Most Famous For:Bogle founded the Vanguard Group mutual fund company in 1974 and made it into one of the world\'s largest and most respected fund sponsors. Bogle pioneered the no-load mutual fund and championed low-cost index investing for millions of investors. He created and introduced the first index fund, Vanguard 500, in 1976. In 1999, Fortune Magazine named Bogle one of the four "investment giants" of the twentieth century. 


Personal Profile
Jack Bogle graduated magna cum laude with a degree in economics from Princeton University in 1951. He studied mutual funds in depth during his university days, which culminated in his senior-year economics thesis and laid the conceptual groundwork for the index mutual fund. 
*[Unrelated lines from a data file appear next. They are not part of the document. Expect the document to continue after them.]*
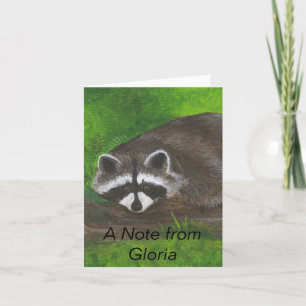Tarjeta de nota Raccoon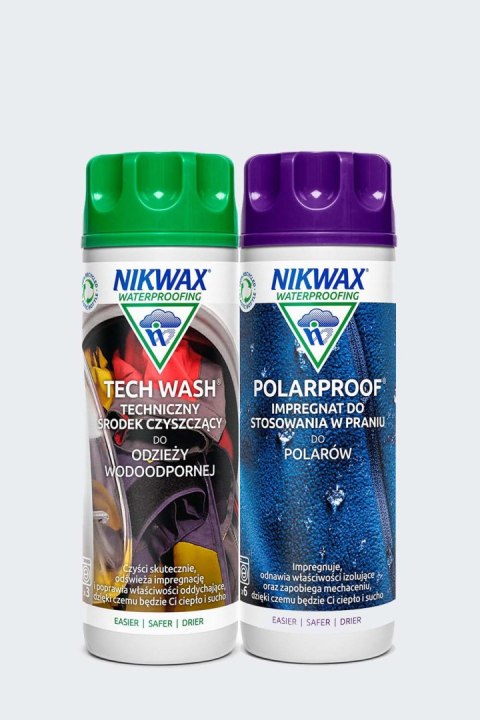 Zestaw Nikwax Tech Wash Nikwax Polar Proof Wash Zestaw Nikwax Tech Wash Nikwax Polar Proof Wash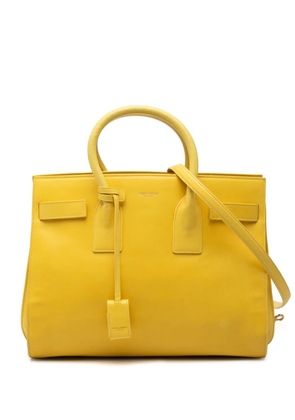 Saint Laurent Pre-Owned 2013 Small Leather Sac De Jour satchel - Yellow
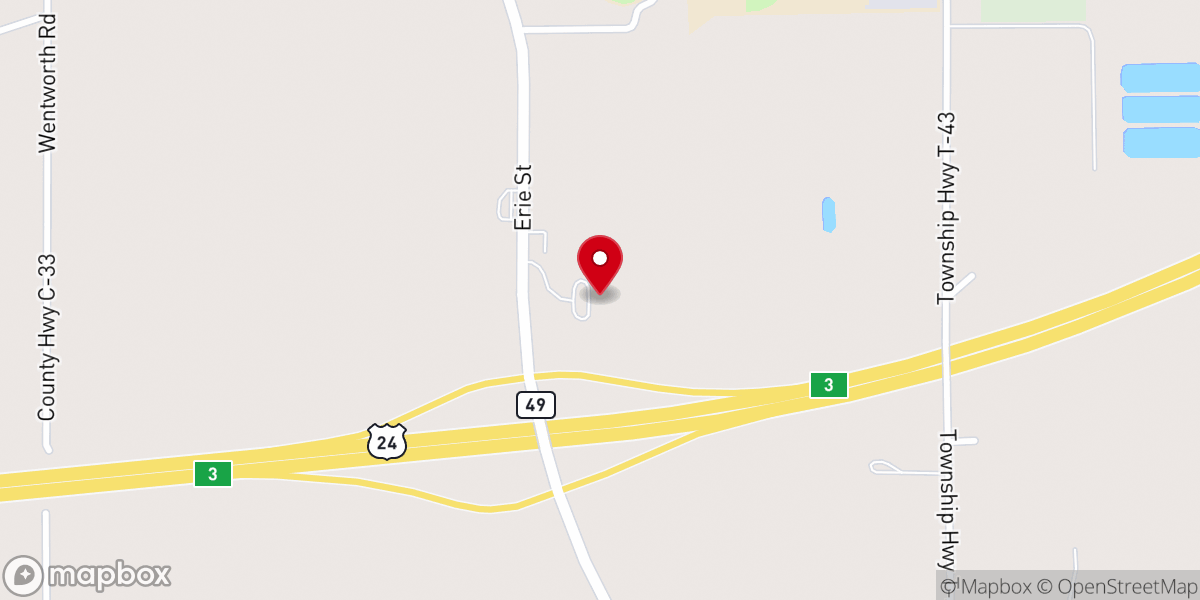 Map showing location of Antwerp Community Church of the Nazarene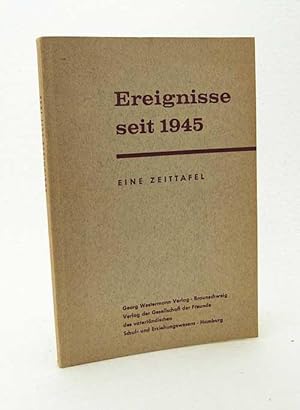 Seller image for Ereignisse seit 1945 : Eine Zeittafel / Willy Bge ; Gnter Moltmann ; Walter Tormin for sale by Versandantiquariat Buchegger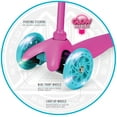 Zipper Pink 3 Wheel Scooter with Light Up Wheels Suits Boys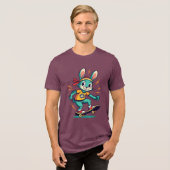 うさぎの遊び トライブレンドＴシャツ (正面全面)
He learned the investment management business by working for financial advisor Wellington Management from 1951 to 1974 and founded Vanguard in the latter year, becoming its CEO and chairman before retiring in 1999 from an active role in the company. As president of Vanguard's BogleFinancial Markets Research Center, he continues to write and lecture on investment issues and is widely recognized as "the conscience" of the mutual fund industry.

In "The Vanguard Experiment: John Bogle's Quest to Transform the Mutual Fund Industry" (1996), biographer Robert Slater describes Bogle's life as "evolutionary, iconoclastic and uncompromisingly committed to his founding principles of putting the interests of the investor first and constructively criticizing the fund industry for practices that run counter to low-cost, client-oriented mutual fund investing."

Investment Style
In simple terms, Jack Bogle's investing philosophy advocates capturing market returns by investing in broad-based index mutual funds that are characterized as no-load, low-cost, low-turnover and passively managed. He has consistently recommended that individual investors focus on the following themes: 
  • The primacy of investing simplicity
  • Minimizing investment-related costs and expenses
  • The productive economics of a long-term investment horizon
  • A reliance on rational analysis and an avoidance of emotions in the investment decision-making process
  • The universality of index investing as an appropriate strategy for individual investors

Super stock trader Jim Cramer (TheStreet.com and CNBC's "Mad Money") pays Bogle's investment style the ultimate compliment by going on record as saying that "After a lifetime of picking stocks, I have to admit that Bogle's arguments in favor of the index fund have me thinking of joining him rather than trying to beat him."
Publications 
  • "Bogle On Mutual Funds" by John C. Bogle (1994)
  • "Common Sense On Mutual Funds: New Imperatives For The Intelligent Investor" by John C. Bogle (1999)
  • "John Bogle On Investing: The First 50 Years" by John C. Bogle (2000)
  • "The Little Book Of Common Sense Investing: The Only Way To Guarantee Your Fair Share Of Stock Market Returns" by John C. Bogle (2007)
  • "The Vanguard Experiment: John Bogle's Quest To Transform The Mutual Fund Industry" by Robert Slater (1996)

Bogle Quotes:

"Time is your friend; impulse is your enemy."

"If you have trouble imaging a 20% loss in the stock market, you shouldn't be in stocks."

"When reward is at its pinnacle, risk is near at hand."